■ WHAT YOU WILL DO ■
The listing below is to be copied exactly, with pictures excluded.

■ AVAILABLE DATA ■
§ §
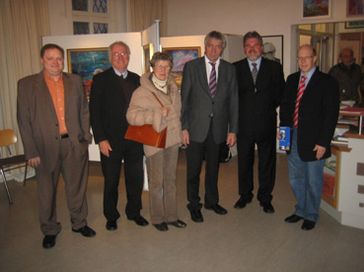 Prof. Horst Zuse (Sohn des Computererfinders), Holger Quambusch und Ehefrau sowie Heinz Jäger, Thomas Schmitt und Alexander Berg (v. li) Bild: Heinz-Volker Jäger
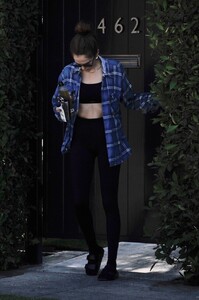       deu030721BZNimage110.jpg
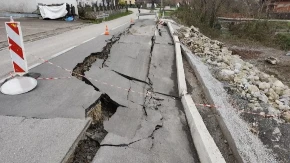 Upozorenje vozačima: Odron na regionalnom putu Kozarac - Mrakovica (VIDEO)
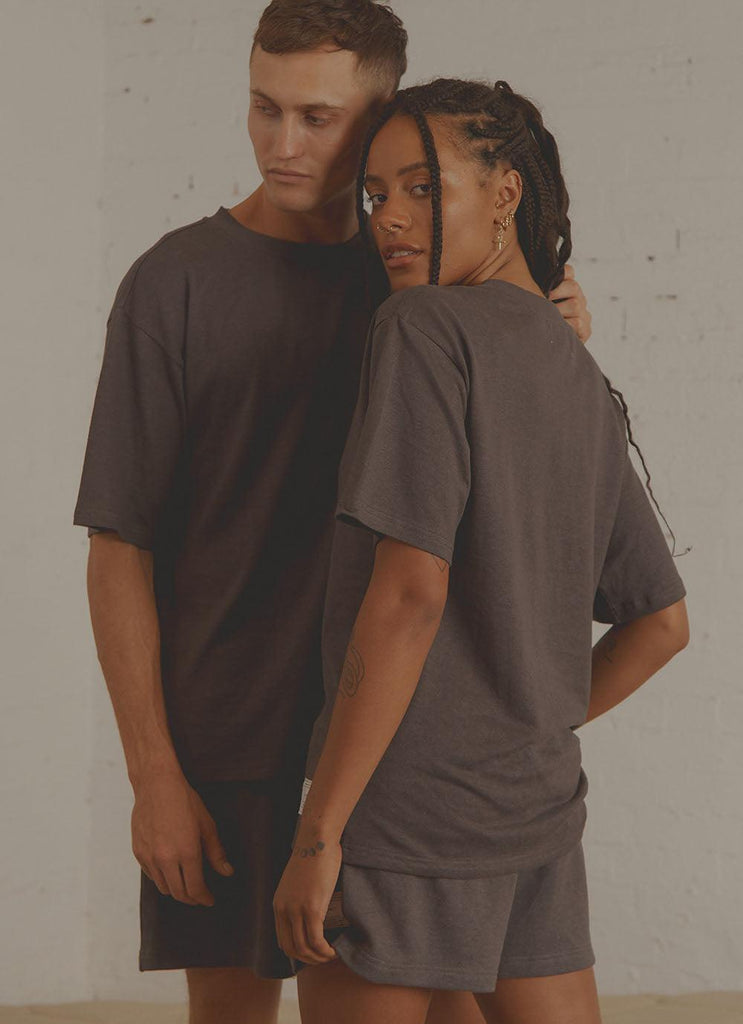 The Essential Tee - Faded Black - Peppermayo US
§ §
■ ANSWER SPACE ■
 Prof. Horst Zuse (Sohn des Computererfinders), Holger Quambusch und Ehefrau sowie Heinz Jäger, Thomas Schmitt und Alexander Berg (v. li) Bild: Heinz-Volker Jäger
       deu030721BZNimage110.jpg
 Upozorenje vozačima: Odron na regionalnom putu Kozarac - Mrakovica (VIDEO)
 The Essential Tee - Faded Black - Peppermayo US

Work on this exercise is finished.